Labor can argue this rebound was basically locked in when it took power. But it is also true that the government is yet to release policies to stop pollution from transport and agriculture continuing to rise.

An emissions projections report, also released on Thursday, tells the story. It says current policies should get the country to a 42% cut in emissions by 2030 – nearly in line with the government’s 43% target – and a 53% cut by 2035 (compared with 2005). Those numbers are due to two things: solar and wind energy replacing old coal generators to clean up the power sector, and changes in land-use that are mostly unrelated to climate policy.

Bowen will deserve significant credit for the fall in electricity emissions, assuming it comes off. He last week announced a substantial expansion of taxpayer underwriting of renewable energy and storage, heeding calls that more was needed to drive private investment.

But other parts of the economy – transport, major industry, mining and farming – are still projected to emit roughly the same amount of CO2 in 2030 as in 2005. Like Australia’s vast fossil fuel exports, which are mostly not captured in domestic emissions numbers but contribute much more to the global problem, that isn’t sustainable.

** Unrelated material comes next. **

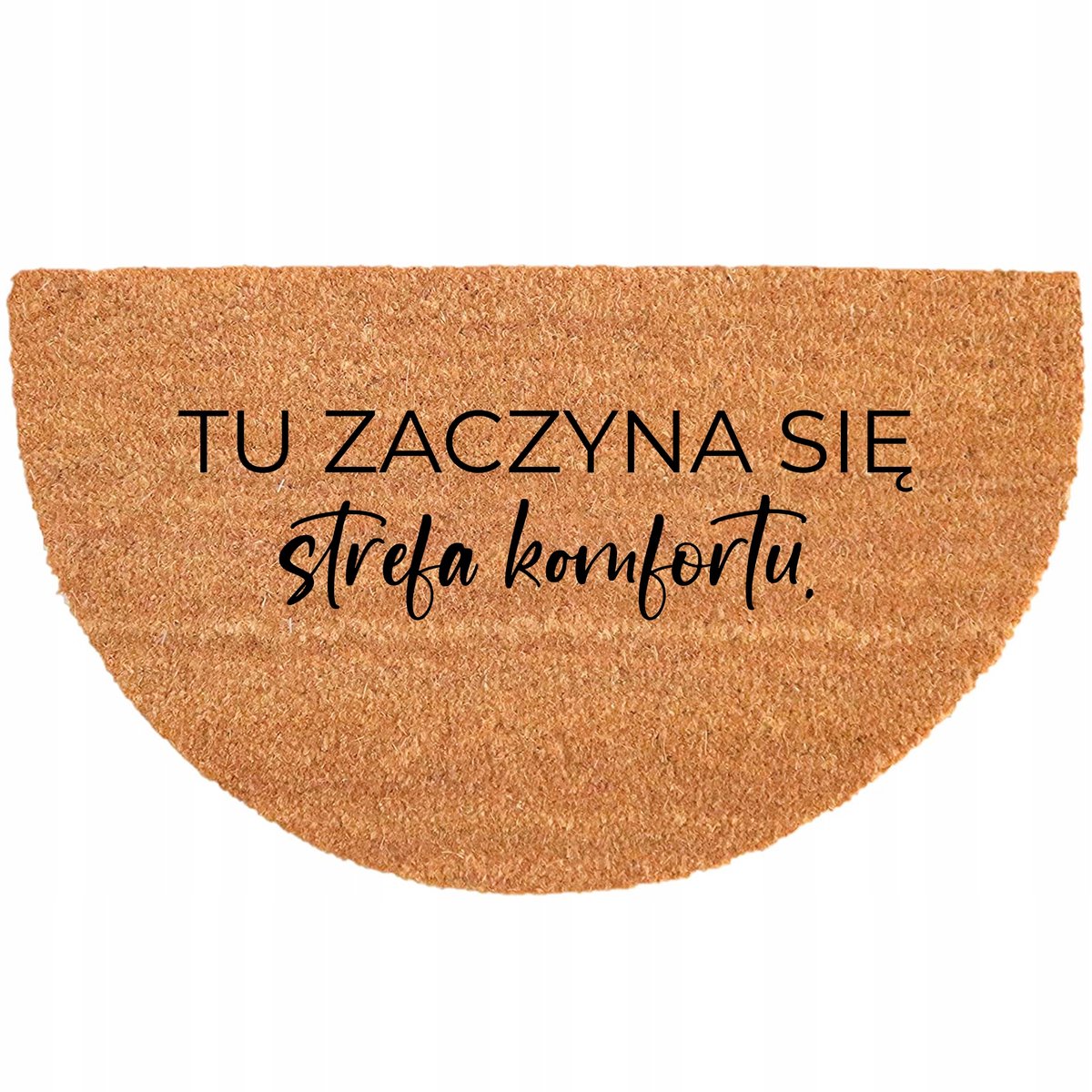 Halvemaanvormige deurmat van kokosvezel 40x70cm - Antislip en duurzaam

Bowen rejected some steps on Thursday that the Climate Change Authority believed could have helped. They included coordinating a national phase out of household gas connections and setting a goal of zero emissions from cars by 2040, which would effectively mean replacing the national fleet in 17 years.

Both would have been politically and logistically challenging. The Coalition is in full-bore opportunistic mode on the climate crisis. Peter Dutton’s high-minded intervention on Thursday was to joke that Bowen would take a people smuggler’s boat to the Cop28 summit in Dubai to avoid emissions. But the country isn’t going to get where it needs to be without political daring, and changes in the way we live.

There is a moment coming that hasn’t had much attention, but could address some of these issues. The government is next year due to release sectoral decarbonisation plans for each of the areas in which emissions cuts are needed – energy, transport, industry, resources, agriculture and land, and buildings.

If done well, this should provide pieces currently missing from the Australian emissions reduction puzzle. It could set the stage for an ambitious 2035 target – one significantly higher than what emissions projections currently suggest – and a better chance of a future on something approaching our terms.